Since dawn of time, they have been sled dogs.
A recent DNA testing claims that the breed, Siberian Husky, is one of the oldest living species of the Canidae family (better known as the Canine family). Siberian Huskies date back to the ice age, when they pulled sleds of the earliest humans and aided them for survival.
Siberian Huskies are native to the Inuit (or Chukchi) people of the Northern Hemisphere of Asia. The word “husky” was a derivative of the word “eskie,” which means Eskimo. In the past, they were even called “Eskimo Dogs.”
Although some scholars do not bite this theory, it is dominantly believed that Eskimos used the same breed of dogs to migrate through land bridges during and after the ice age, particularly in and out of Alaska and through the Bering Strait.
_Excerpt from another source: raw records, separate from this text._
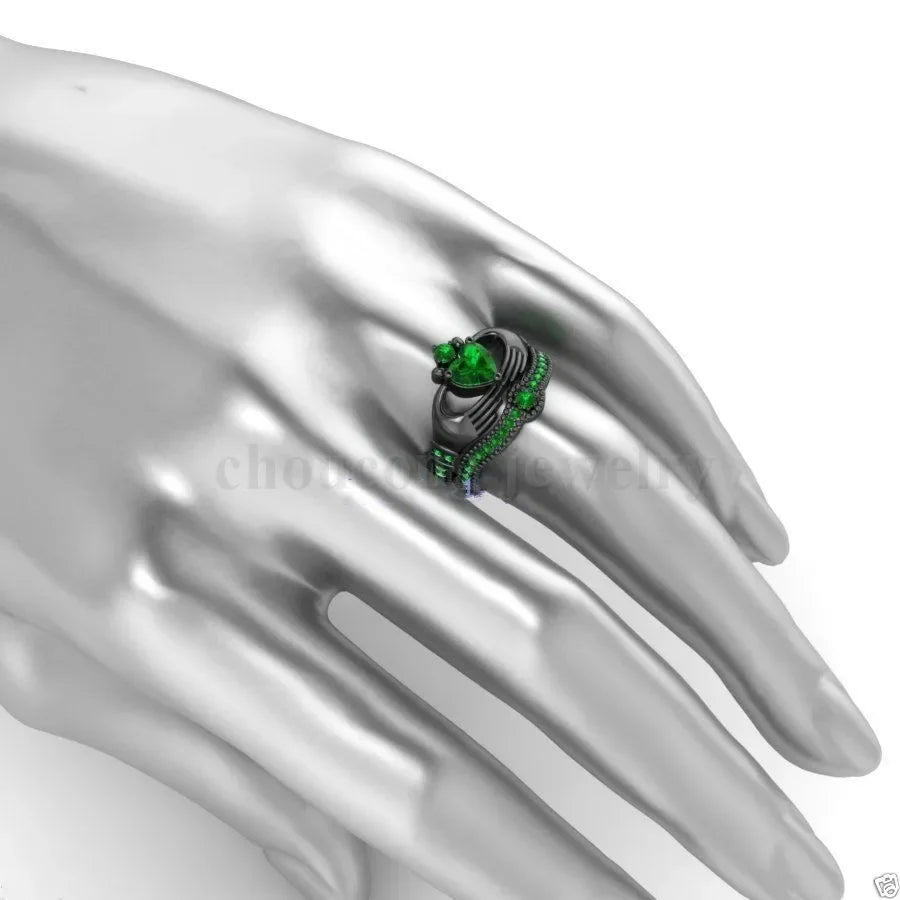Emerald Claddagh Ring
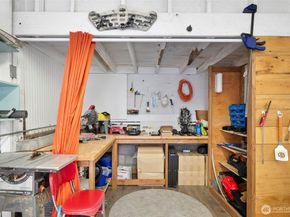 11515 7th Avenue NE, Seattle WA 98125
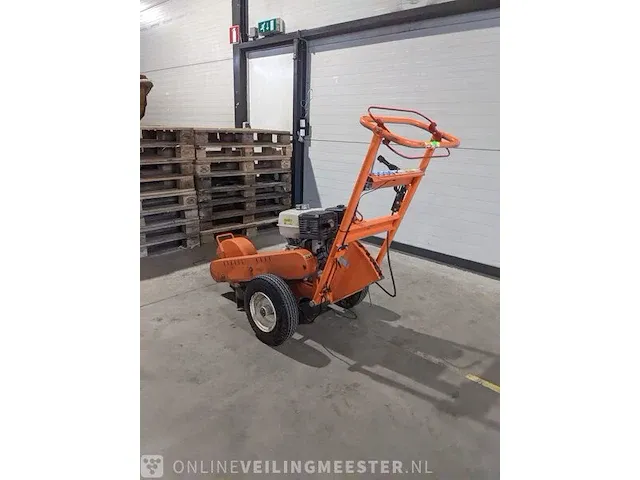 Boomstronkenhakselaar dosko, 337-13h, bouwjaar 2018 - afbeelding 21 van  24
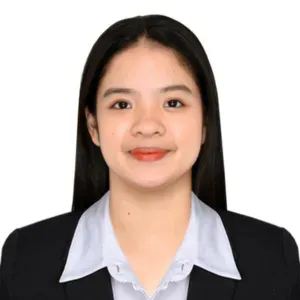 Bonjour! Looking for a babysitting job.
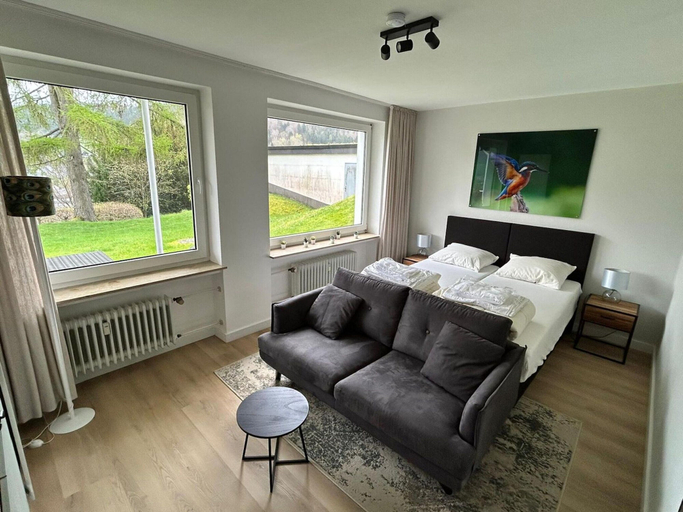 Room 5, Ferienwohnung mit Terrasse bei Winterberg, Hochsauerlandkreis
Siberian Huskies were a major contribution to the survival of the Inuit tribes. From that point on, their value as sled dogs have been so consistent. Early in the nineteen hundreds, Siberian Huskies were imported to Alaska for the Gold Rush–the hyped discovery and exploration for gold mines as well as migrations of workers from Australia, Canada, South Africa, and United States. Afterwards the breed contended for the All-Alaska Sweepstakes Sled Dog Competition, a 408 mile race to and fro the cities of Nome and Candle in Alaska.
However in 1930 as the Soviet Union closed all its market trade routes, the importation of Siberian Huskies has greatly declined. Most of the Siberian Huskies we have at present are barely descendants of pure Siberian Huskies; such are crossbreeds from Norwegian sled dogs and the likes.
On the brighter side, the AKC or American Kennel Club recognized Siberian Huskies as official dog breeds of Canada. And, years later Siberian Huskies were used for major explorations on the North and South poles. Richard E. Byrd, a well known explorer, brought 50 huskies with him in a 16,000 mile expedition of the Antarctic coast.
Nowadays Siberian Huskies are still being used for sled races and sporting competitions. In some countries (though rare), huskies are even being trained for police enforcement because of their excellent sniffing and instinctive abilities that surpasses other breeds. Siberian Huskies up to the present have not outlived their usefulness, nor they ever will.
Because of Siberian Huskies’ propitious assets, their pages in history were written with epic treks, advents, and achievements–all the more reason people should love the dog breed, Siberian Huskies!